-------- DATA FOR THE TASK
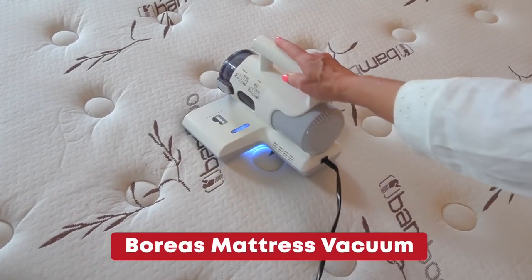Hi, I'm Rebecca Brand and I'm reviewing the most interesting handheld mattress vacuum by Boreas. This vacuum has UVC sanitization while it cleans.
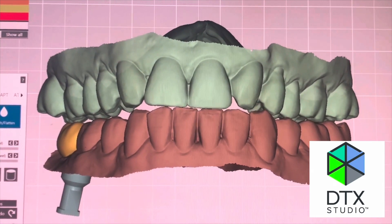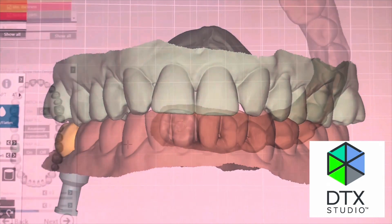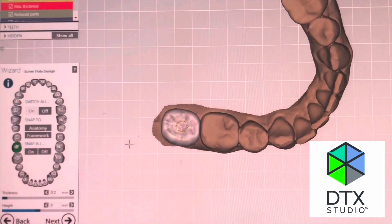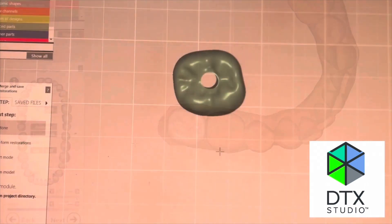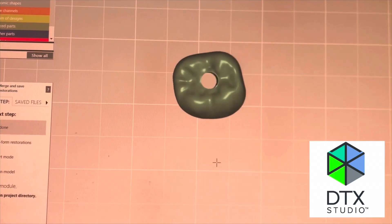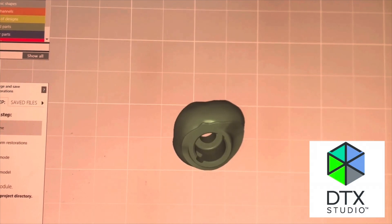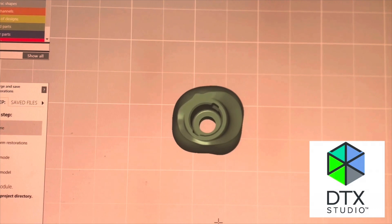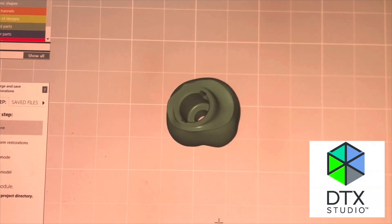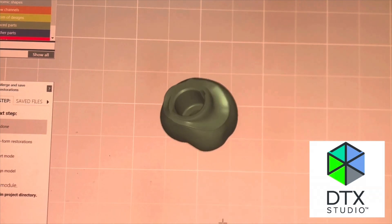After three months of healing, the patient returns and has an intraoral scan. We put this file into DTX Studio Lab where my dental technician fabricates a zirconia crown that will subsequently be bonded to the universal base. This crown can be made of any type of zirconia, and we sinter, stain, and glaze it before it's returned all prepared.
----------------
-------- DATA FOR THE TASK
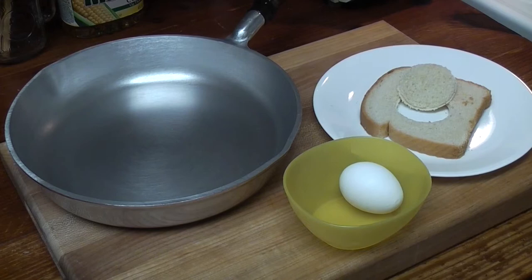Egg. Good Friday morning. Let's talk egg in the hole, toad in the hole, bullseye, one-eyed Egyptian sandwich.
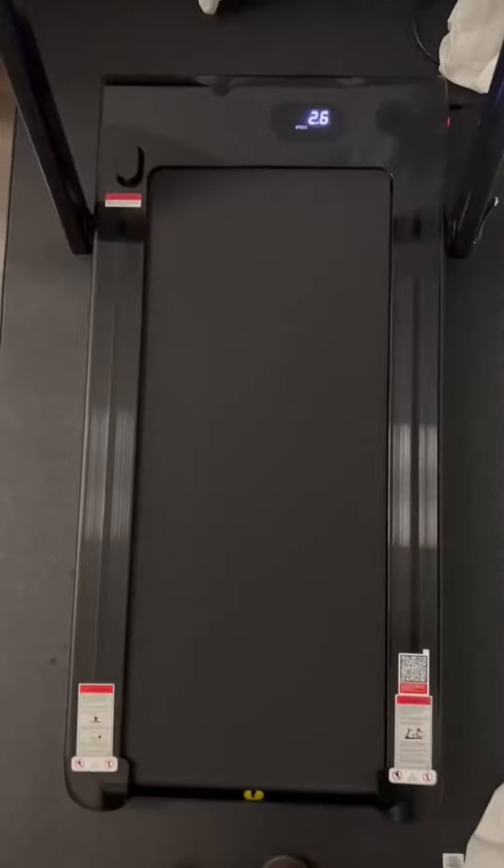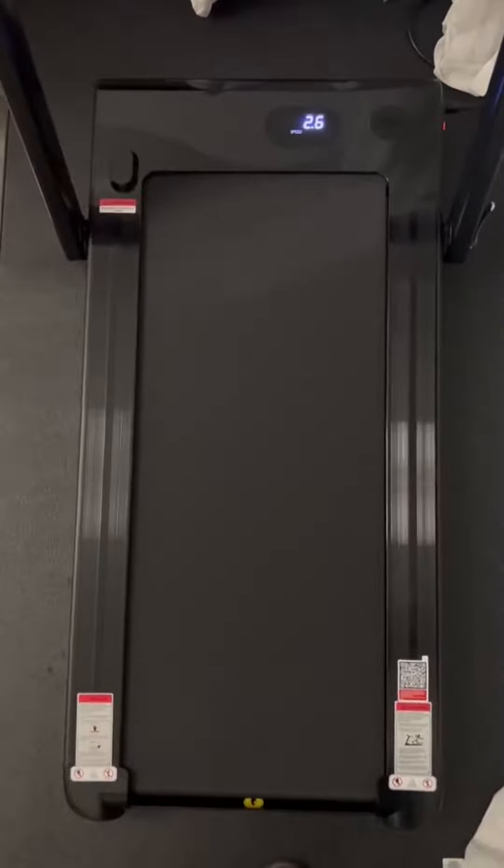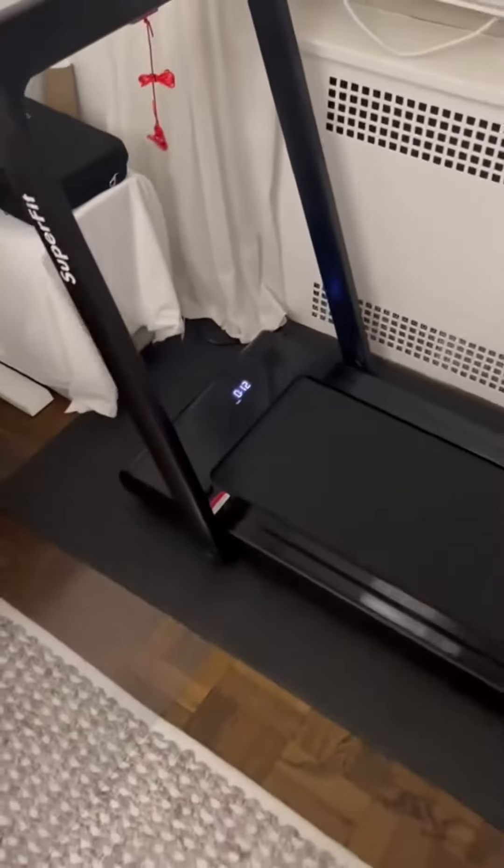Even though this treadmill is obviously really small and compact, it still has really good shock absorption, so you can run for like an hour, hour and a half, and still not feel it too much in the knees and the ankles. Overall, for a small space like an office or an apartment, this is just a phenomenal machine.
----------------
**ASSIGNMENT**
In the listing above, find the line with "Egg. Good Friday" and the line with "Even though this". Copy both of them and every line between, exactly, but not the pictures.

**SOLUTION**
Egg. Good Friday morning. Let's talk egg in the hole, toad in the hole, bullseye, one-eyed Egyptian sandwich.
Even though this treadmill is obviously really small and compact, it still has really good shock absorption, so you can run for like an hour, hour and a half, and still not feel it too much in the knees and the ankles. Overall, for a small space like an office or an apartment, this is just a phenomenal machine.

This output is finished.